Mayor Mike Bloomberg and Gregory Long, NYBG president and CEO, joined "GMA" for the unveiling in Times Square studio to celebrate the legendary train show and remind everyone that it's easy to be green during the holidays.

The Botanical Garden installed a traditional Victorian scene of New York in wintertime, complete with an antique trolley running through, to kick off the new "GMA" holiday tradition.

Both beautiful and eco-friendly, it features more than 140 replicas of New York landmarks created from plant materials such as leaves, seeds, twigs, bark, gourds and pine cones.

Highlights of this year's Holiday Train Show display include the famous Flatiron building and the Enid A. Haupt Conservatory, a beautiful glass hall that houses the actual show.

"GMA's" window can be seen every day until midnight at the Times Square studio on the corner of 43rd Street and Broadway in New York City.

The Holiday Train Show will be on at the Botanical Garden through Jan. 13, 2008.

For more on the Holiday Train Show click here.

Find out more about the Tada! Youth Theater, the children's choir that sang today on "GMA."

Why not take some ideas from the Botanical Garden to spice up your holiday decorations this year?

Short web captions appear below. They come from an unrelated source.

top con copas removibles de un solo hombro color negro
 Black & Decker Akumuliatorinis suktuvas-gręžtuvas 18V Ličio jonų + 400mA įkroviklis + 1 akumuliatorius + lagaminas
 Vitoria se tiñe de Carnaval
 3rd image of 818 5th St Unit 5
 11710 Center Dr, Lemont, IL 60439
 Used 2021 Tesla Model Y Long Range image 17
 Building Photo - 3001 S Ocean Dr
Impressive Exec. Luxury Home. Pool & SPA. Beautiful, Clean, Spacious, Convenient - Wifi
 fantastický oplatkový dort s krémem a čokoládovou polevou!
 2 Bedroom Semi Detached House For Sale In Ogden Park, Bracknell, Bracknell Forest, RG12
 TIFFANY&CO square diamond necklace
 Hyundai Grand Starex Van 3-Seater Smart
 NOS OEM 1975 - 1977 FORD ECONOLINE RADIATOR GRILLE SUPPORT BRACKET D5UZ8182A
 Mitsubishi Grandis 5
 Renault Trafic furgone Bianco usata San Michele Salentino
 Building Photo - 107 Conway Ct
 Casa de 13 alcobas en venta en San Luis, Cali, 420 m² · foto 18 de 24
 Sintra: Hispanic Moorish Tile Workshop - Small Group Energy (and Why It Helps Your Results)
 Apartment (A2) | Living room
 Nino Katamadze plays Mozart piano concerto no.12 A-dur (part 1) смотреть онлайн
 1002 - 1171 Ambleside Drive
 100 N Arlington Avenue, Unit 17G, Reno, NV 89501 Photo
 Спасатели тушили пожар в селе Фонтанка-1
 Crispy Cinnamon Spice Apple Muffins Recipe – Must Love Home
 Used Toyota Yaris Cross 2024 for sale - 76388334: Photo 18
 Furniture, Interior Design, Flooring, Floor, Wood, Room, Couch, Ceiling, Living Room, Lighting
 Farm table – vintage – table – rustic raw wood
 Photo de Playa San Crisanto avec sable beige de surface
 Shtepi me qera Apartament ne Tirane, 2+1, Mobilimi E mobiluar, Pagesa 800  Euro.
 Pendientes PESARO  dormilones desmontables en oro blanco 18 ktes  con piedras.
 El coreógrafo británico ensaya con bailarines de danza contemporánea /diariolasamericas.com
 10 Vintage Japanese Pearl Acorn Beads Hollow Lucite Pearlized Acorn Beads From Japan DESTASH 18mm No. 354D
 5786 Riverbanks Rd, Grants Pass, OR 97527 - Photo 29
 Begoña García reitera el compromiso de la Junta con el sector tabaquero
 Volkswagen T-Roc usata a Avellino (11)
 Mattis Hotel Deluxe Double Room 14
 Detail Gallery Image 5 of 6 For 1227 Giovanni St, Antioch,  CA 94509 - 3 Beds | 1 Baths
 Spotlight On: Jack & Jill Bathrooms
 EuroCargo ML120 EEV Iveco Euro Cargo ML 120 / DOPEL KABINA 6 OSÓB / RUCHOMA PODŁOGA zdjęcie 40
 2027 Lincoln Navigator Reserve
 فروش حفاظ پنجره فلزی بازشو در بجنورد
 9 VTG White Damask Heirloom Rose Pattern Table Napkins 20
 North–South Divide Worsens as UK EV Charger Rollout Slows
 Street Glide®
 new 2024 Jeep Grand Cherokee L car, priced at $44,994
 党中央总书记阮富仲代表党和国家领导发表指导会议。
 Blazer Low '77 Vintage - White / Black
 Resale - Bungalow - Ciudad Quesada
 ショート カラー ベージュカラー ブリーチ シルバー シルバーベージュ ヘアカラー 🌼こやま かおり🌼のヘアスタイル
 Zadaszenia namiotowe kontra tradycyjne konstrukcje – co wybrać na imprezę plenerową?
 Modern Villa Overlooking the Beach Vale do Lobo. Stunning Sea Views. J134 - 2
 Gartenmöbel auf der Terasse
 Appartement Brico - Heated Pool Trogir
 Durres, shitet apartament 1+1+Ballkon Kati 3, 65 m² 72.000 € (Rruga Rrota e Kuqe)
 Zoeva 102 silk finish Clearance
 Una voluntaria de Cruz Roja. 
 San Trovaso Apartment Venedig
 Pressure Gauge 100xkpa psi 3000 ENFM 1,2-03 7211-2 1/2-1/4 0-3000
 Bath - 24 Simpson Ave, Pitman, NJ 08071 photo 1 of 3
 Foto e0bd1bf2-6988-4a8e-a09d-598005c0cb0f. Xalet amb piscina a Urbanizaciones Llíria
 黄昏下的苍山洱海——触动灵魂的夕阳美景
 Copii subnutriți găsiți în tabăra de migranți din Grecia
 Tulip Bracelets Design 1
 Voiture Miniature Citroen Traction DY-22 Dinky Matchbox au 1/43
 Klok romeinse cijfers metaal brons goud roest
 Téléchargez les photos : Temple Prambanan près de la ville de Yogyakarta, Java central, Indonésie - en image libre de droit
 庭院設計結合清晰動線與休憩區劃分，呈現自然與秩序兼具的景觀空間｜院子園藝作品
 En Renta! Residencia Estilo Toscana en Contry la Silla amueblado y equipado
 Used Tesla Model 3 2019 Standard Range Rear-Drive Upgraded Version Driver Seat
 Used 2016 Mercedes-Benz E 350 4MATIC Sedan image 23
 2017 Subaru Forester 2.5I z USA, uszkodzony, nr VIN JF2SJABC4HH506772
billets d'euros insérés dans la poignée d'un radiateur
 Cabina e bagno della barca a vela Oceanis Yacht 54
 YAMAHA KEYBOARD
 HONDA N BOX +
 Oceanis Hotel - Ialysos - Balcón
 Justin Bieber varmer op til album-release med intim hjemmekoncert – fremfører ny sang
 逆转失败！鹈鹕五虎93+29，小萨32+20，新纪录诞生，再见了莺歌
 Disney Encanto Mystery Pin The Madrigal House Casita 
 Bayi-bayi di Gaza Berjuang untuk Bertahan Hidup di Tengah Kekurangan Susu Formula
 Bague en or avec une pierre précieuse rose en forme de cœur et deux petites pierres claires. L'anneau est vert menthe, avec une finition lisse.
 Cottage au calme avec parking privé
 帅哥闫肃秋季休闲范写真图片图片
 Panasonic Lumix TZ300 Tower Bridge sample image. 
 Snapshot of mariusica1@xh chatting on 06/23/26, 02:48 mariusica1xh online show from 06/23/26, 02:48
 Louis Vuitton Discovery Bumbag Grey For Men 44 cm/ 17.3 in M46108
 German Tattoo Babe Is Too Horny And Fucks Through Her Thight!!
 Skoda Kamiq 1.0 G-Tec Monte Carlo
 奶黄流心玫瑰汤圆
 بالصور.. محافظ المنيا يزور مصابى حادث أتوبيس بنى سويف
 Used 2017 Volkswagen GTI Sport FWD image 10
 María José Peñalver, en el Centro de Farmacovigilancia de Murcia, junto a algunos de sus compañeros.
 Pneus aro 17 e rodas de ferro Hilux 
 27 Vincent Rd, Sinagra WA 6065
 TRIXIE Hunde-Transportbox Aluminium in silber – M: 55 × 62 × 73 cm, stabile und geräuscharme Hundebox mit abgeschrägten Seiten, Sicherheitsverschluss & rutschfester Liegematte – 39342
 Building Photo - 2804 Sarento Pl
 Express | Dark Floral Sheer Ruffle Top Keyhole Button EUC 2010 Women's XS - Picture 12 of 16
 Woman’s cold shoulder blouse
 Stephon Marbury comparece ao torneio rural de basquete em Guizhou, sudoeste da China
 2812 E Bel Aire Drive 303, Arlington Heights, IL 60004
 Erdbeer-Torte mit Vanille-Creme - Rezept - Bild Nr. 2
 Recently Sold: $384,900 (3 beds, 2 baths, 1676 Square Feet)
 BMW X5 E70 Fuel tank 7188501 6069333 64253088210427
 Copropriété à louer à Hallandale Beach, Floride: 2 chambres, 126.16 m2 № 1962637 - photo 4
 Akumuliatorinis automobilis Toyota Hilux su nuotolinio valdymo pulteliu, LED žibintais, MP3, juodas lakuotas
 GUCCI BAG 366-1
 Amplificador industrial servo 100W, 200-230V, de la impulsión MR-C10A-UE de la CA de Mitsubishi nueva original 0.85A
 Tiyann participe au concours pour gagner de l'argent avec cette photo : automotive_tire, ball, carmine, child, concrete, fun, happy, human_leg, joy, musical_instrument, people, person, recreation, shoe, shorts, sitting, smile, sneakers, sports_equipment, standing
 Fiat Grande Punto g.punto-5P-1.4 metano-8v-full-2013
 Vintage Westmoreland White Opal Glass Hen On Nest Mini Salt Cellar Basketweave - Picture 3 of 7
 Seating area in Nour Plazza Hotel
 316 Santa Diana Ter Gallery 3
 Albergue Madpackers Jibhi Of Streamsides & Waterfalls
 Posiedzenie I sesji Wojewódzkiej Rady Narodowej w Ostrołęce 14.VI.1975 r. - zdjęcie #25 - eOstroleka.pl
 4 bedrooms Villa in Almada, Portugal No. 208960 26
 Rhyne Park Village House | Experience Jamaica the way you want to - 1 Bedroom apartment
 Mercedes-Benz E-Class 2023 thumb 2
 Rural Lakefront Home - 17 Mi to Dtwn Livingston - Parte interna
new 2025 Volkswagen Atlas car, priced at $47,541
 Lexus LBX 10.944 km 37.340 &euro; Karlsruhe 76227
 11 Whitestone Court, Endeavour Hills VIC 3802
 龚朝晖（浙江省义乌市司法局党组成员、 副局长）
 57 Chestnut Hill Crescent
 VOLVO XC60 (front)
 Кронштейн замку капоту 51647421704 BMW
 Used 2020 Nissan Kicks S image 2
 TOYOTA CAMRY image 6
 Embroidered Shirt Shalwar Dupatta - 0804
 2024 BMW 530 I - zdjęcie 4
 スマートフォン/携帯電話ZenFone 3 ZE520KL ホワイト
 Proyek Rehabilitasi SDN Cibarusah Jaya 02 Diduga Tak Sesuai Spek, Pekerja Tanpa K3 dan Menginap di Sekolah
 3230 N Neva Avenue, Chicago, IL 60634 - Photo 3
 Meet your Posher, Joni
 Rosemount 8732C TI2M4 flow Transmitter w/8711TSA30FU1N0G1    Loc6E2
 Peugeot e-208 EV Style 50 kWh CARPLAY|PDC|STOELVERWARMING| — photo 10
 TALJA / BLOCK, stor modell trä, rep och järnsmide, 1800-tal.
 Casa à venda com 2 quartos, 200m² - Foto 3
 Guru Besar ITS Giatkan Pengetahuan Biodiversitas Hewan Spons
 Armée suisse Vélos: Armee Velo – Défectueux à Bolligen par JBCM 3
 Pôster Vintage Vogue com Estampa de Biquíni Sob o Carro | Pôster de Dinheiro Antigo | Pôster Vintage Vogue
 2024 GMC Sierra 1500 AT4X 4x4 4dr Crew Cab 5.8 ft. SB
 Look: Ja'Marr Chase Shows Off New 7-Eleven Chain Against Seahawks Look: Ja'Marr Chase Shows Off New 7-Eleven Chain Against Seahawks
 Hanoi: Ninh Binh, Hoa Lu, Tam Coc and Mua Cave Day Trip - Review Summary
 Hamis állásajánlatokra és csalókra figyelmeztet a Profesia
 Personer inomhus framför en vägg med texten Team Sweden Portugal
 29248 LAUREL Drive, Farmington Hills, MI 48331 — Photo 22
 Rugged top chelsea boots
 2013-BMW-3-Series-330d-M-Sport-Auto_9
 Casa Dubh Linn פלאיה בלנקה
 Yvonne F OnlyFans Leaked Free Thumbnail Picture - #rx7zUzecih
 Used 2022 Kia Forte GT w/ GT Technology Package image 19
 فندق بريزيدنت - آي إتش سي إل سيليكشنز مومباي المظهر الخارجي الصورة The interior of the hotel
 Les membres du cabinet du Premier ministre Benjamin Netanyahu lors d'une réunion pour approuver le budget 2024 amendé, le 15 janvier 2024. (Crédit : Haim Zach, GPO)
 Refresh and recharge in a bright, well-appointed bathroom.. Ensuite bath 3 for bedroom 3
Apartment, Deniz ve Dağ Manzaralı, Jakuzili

Here's what our display is made of:

Flatiron Building (1901–1903)
175 Fifth Ave., Manhattan

This unusual triangular building, designed by Daniel H. Burnham, marks the beginning of the skyscraper era in New York City. The spire is made of pomegranate and honey locust thorn. Other decorative elements are made of cedrela pods, eucalyptus pods, beechnut husks, shelf fungus, hemlock cones; bands are honeysuckle twigs; masonry is square cut bark pieces; horizontal trim is black cherry and sycamore; and window mullions are black cherry.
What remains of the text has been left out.